◆ Supplied material:
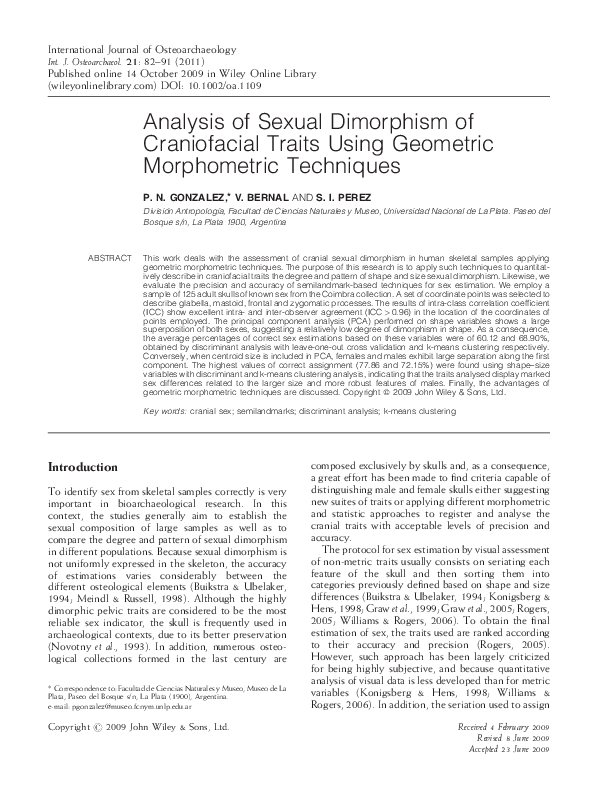 (PDF) Analysis of Sexual Dimorphism of Craniofacial Traits Using ...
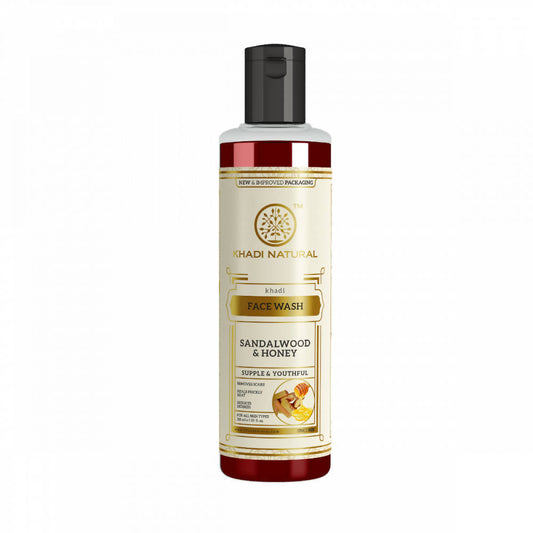 Bottle of Sandalwood & Honey Face Wash by Khadi Natural on a white background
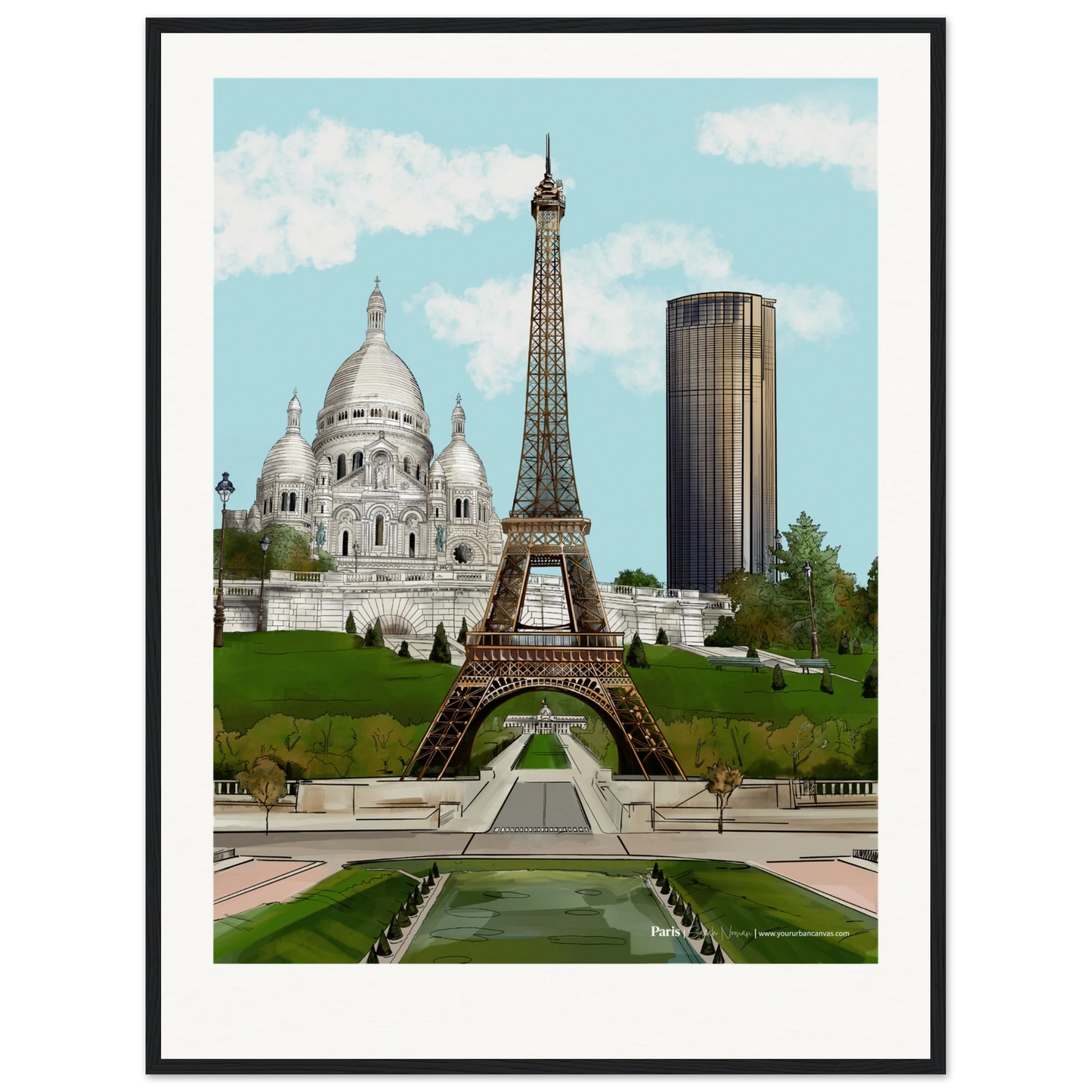 Paris - Add a message to your Subtle Titled city print, 60x80cm with black frame - capturing the subtle beauty of Paris landmarks: Eiffel Tower, Sacre-Coeur, and Tour Montparnasse, offering a modern yet serene cityscape for your space.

◆ Exercise description:
Please produce an exact copy of all the material, leaving out the pictures.

◆ The answer:
 (PDF) Analysis of Sexual Dimorphism of Craniofacial Traits Using ...
 Bottle of Sandalwood & Honey Face Wash by Khadi Natural on a white background
 Paris - Add a message to your Subtle Titled city print, 60x80cm with black frame - capturing the subtle beauty of Paris landmarks: Eiffel Tower, Sacre-Coeur, and Tour Montparnasse, offering a modern yet serene cityscape for your space.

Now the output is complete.